# Record set
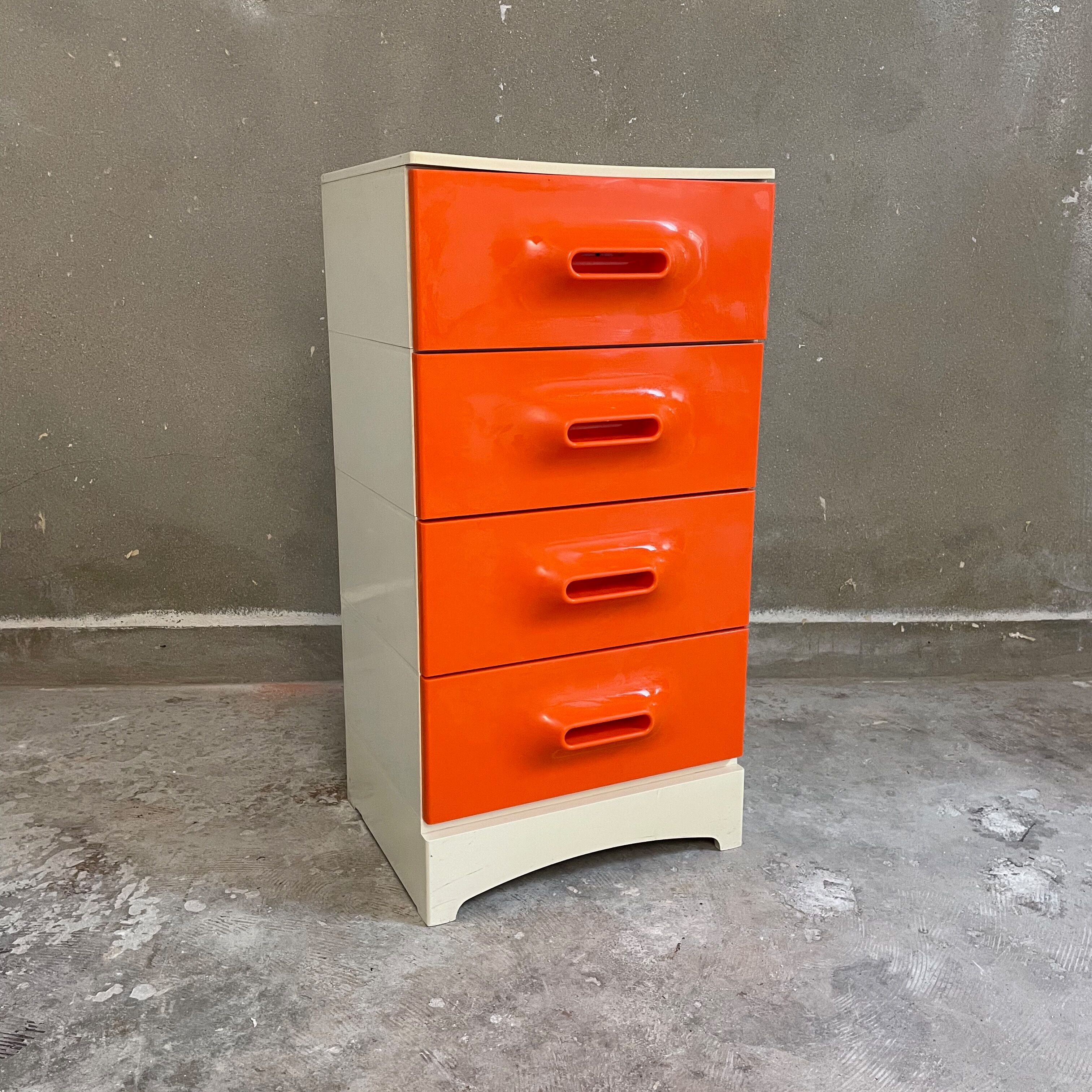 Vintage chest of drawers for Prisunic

...

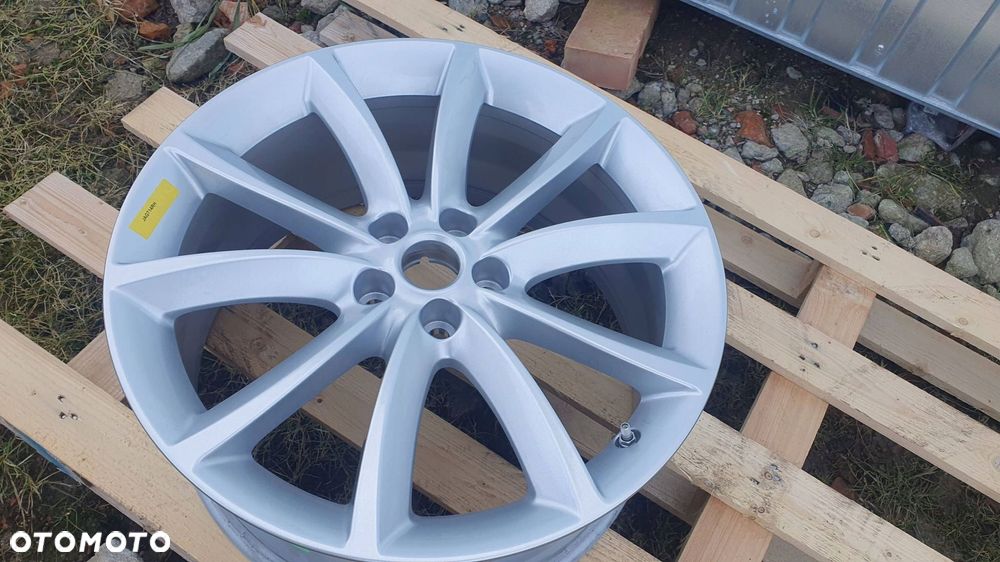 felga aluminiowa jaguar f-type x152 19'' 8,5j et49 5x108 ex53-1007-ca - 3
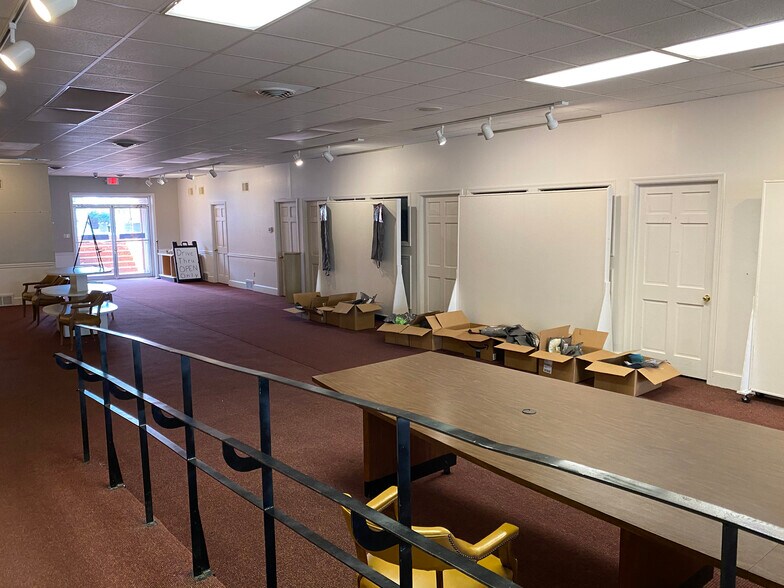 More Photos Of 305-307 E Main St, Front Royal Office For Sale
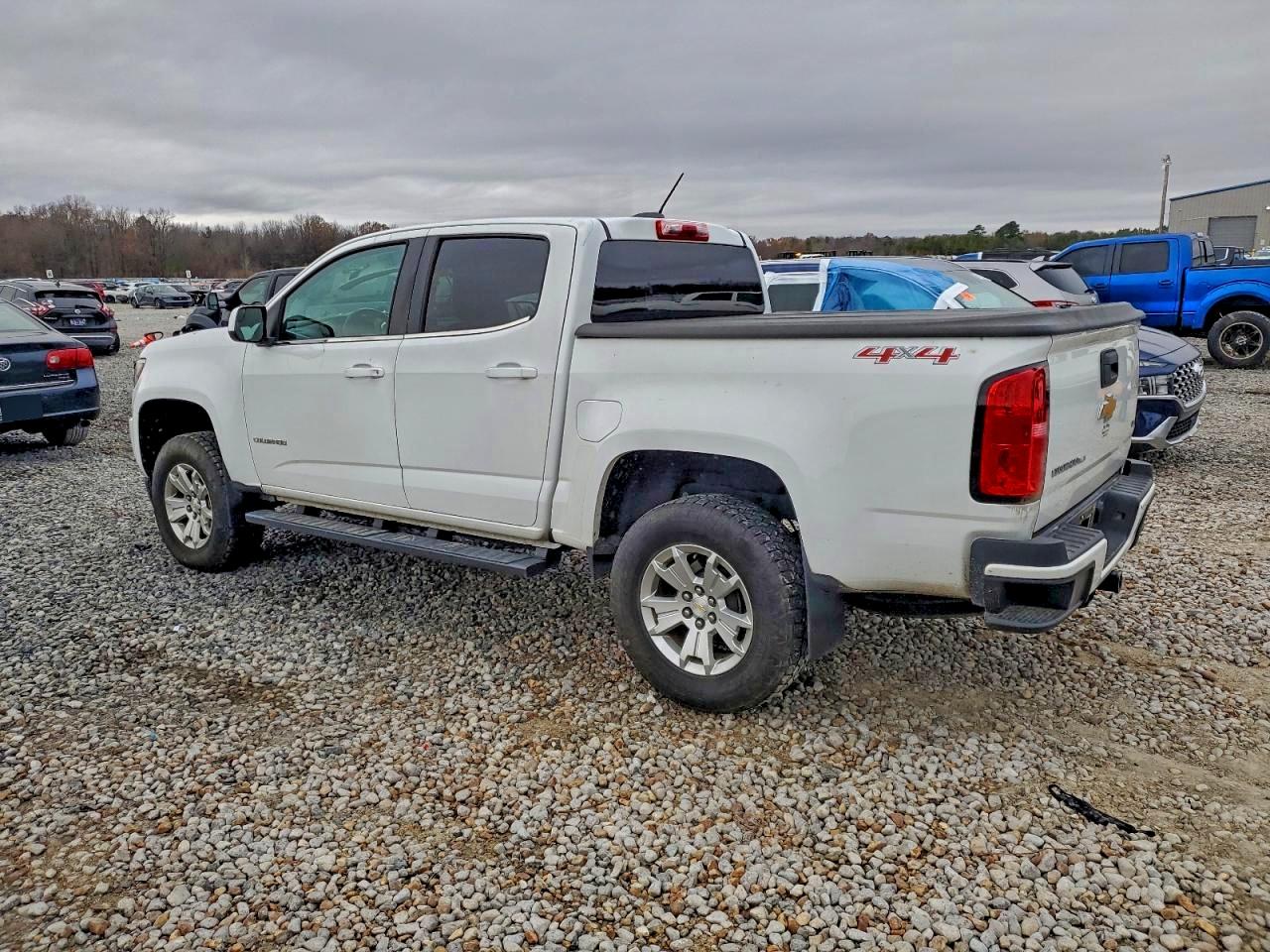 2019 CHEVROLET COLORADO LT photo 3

# Your goal
Print nothing but the lines above starting with the line that contains "More Photos Of" and going on through the line that contains "2019 CHEVROLET COLORADO LT photo 3". Leave out the pictures.

# Output of the exercise
 More Photos Of 305-307 E Main St, Front Royal Office For Sale
 2019 CHEVROLET COLORADO LT photo 3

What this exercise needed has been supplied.